The
Old Days
You’ve probably heard
the expression back in the old days we did so and so. Well those old
days were teachers that helped us through the days ahead. Here at
Ashcombe, perhaps forty years ago we used a lot of chemicals on our
crops to prevent disease and keep down the insect pests that plagued
them. My bro. Bob and I shared a very small office in a concrete
block building that served as a warehouse, boiler room, packing shed,
and maintenance building.
Often times when we
could catch a minute or two from our many tasks we would discuss how
we farmed our vegetables. The farm, previous to us, had been share
cropped and the farmers had allowed the soil to be depleted of
nutrients. We took regular soil tests and added the recommended
amounts of commercial fertilizer to keep our crops growing and put in
cover crops over winter that added organic matter to the soil. We
thought we were doing all the right things to increase yields of our
crops but really didn’t see a great difference.
Both Bob and I were,
could you say, innovative, and wanted to go beyond the accepted
practices of farming at that time.
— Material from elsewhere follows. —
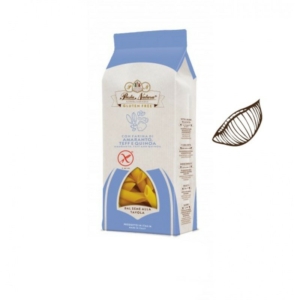 Pasta Natura gluténmentes amaránt-teff-quinoa tészta conchigliette 250g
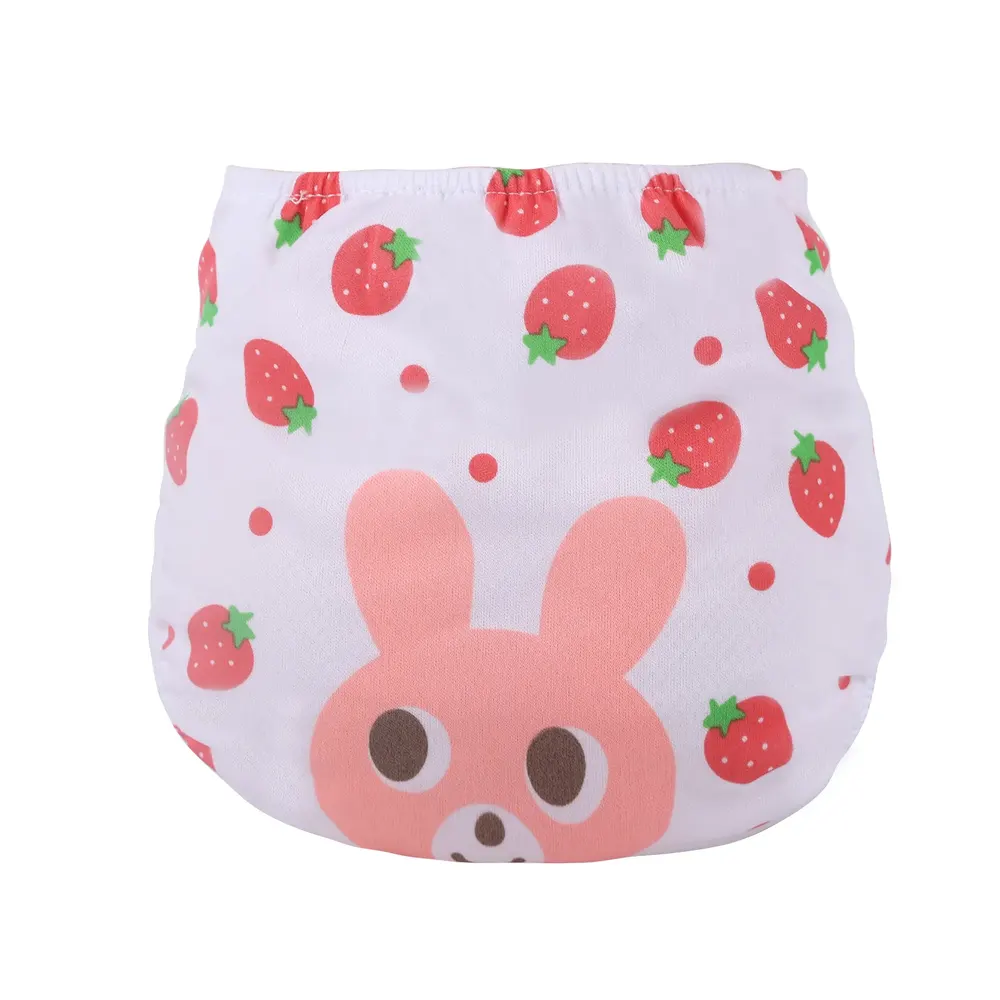 17"-22" Reborn Baby Washable Reusable 2 Pcs Nappies Pants Accessories, photograph 5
Organics were not yet come of age
but having had an uncle who farmed with no irrigation only manure and
raised nice crops of vegetables for his roadside market we thought
that there must be a way without manure which we didn’t have to
accomplish the same thing.
We learned of a company
that made a product that was all natural but the ratios of fertilizer
did not meet what our soil tests called for. It was a risk at that
time to put on an untried product but we felt it would be worth the
risk. After that decision was made, no commercial fertilizers were
put on our fields and we scouted out crops for insects and only used
low toxicity sprays when damage was evident.
We saw little
difference in yields initially and felt better that we could say no
commercial fertilizers were spread on our fields. Sometime later
perhaps five or six years we tried a one half acre plot completely
organic and separated them in our store marking the organic as such.
At that that time there wasn’t a concern for lesser use of
chemicals and we didn’t continue the half acre. But we could feel
good that our veggies were probably as healthful or more so than many
grown in the area. And were we to have continued to grow in later
years it probably would have been organically.